J’ai passé le début de cet été sous le signe de festivals de cinéma: d’abord Tofifest, ensuite Cannes, ce qui signifie que des journées entières coulaient dans le rythme des films regardés. Mais, en fait, quelle en était l’utilité? En quoi est-il encore pragmatique de rester pendant des heures dans les salles de cinéma?

Dès les commencements de ma passion pour le septième art j’avais l’habitude de regarder quelques films par semaine dans les trois salles de cinéma à Aix en Provence. C’étaient parfois des films que je n’aurais pas regardé à un autre moment, je le savais: les sorties de la semaine pour lesquels on s’excite sur le coup et on les oublie après. Attendez, est-ce qu’on les oublie ? Non, on continue plutôt à échanger sur l’esthétique des scènes, on discute sur la technique de la narration, on analyse la psychologie des personnages. On amasse des nuages de références. Et puis tout revient, comme de la pluie.

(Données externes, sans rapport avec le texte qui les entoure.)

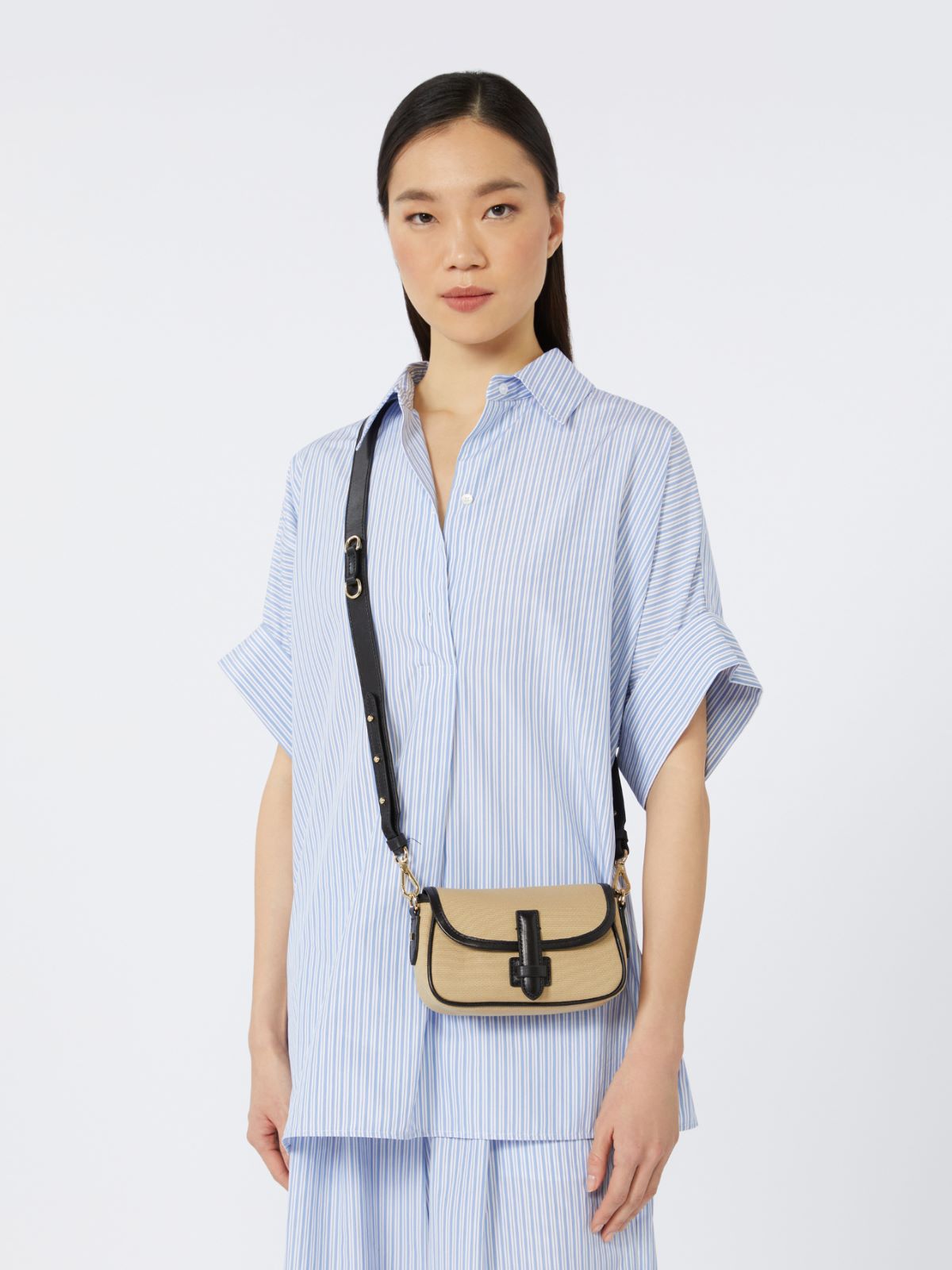 Cotton and leather crossbody bag, beige | Weekend Max Mara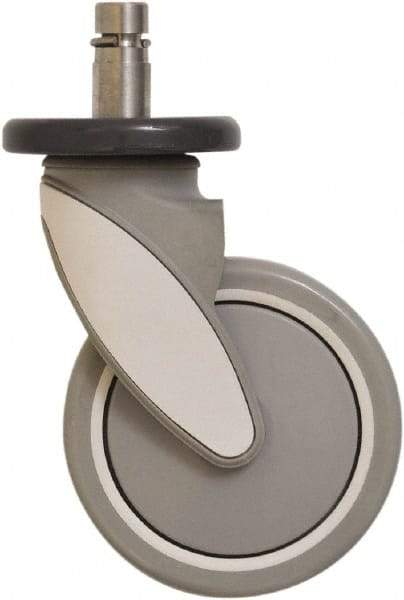 Eagle MHC - 5" Diam x 1-1/4" Wide x 8-5/8" OAH Stem Mount Swivel Caster - Polyurethane, 250 Lb Capacity, Delrin Bearing, 1" Round Stem - Apex Tool & Supply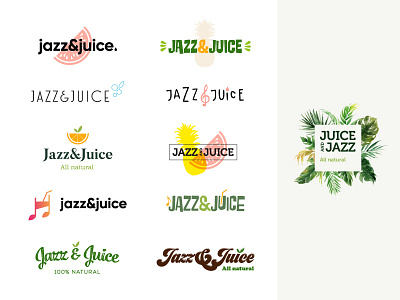 Jazz & Juice Logo Exploration branding concepts fruit jazz juice logo logo design logos music tropical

Je vais donc souvent au cinéma car, non comme le prophétisent certains, cet art n’est pas encore mort. Une expérience de la salle, cette immersion dans un autre univers (voir mon post sur Annette), est toujours une chose que l’on ne peut pas vivre individuellement, chez soi. C’est une ouverture, un lâcher prise où on se laisse bercer par les flots de l’imagination de quelqu’un d’autre, et cela collectivement, ensemble. Les festivals en sont des points culminant.

Mais comment choisir un film lorsqu’on est, par exemple, à Cannes, avec un pass de trois jours seulement? Personnellement, j’étais un peu (beaucoup) désorienté. La vérité est que l’on ne sait pas où aller. On peut être fan d’un réalisateur comme Wes Anderson et aller voir son nouveau film (The French Dispatch), si on a les places c’est un coup de chance. Notre regard peut aussi survoler un titre dans une langue que l’on ne connait pas (comme le norvégien) et de cette manière rater une œuvre dont tout le monde ensuite fait l’éloge (Julie en 12 chapitres de Joachim Trier). Alors, faut-il se fier aux avis des critiques et aller voir des films qu’ils conseillent dans sur les sites web? Non, car ça n’a pas autant d’importance.

Après la première journée du Festival de Cannes je me suis dit que, en effet, ce n’était pas grave si j’allais voir un film ou un autre. Des scènes qui nous font sortir de la salle? OK. Une narration haletante que l’on doit quitter pour partir au gala? Ca va, car on y a au moins goûté. Un film sur la politique d’un pays qui nous est lointain? C’est bien, car on peut le découvrir et sinon la technique de la réalisation est quelque chose d’universel. Un autre film dont on n’a aucune idée de quoi il parle? Encore mieux.

Ce que je veux dire par là, c’est qu’il a un grand intérêt (mais pas dans le sens du monde intéressé, du profit) à découvrir des œuvres d’art qui ne nous concernent pas sur le premier abord. Ce n’est pas une relation d’investissement et du rendu que l’on tisse avec un film, mais une relation basée sur la sensibilité.

Le cinéma est un moyen de s’exercer dans notre sensibilité. Et comment grandir autrement si ce n’est pas en élargissant de plus en plus notre sensibilité du monde? Quoi de plus pragmatique?

Une scène, un dialogue ou les couleurs employées par le réalisateur peuvent changer notre manière de voir les choses. C’est pour cela que regarder un film dont on ne sait rien (ce qui représente un infini de possibilités) n’est pas une perte de temps – d’ailleurs, la perte du temps est une notion de la société technocrate et utilitariste. Bien au contraire, le cinéma touche en nous des cordes profondes et nous permet ainsi de sortir de nous mêmes. Et, heureusement, les festivals nous permettent encore de sortir dehors – c’est ainsi que le cinéma reste toujours quelque chose de collectif et de vivant.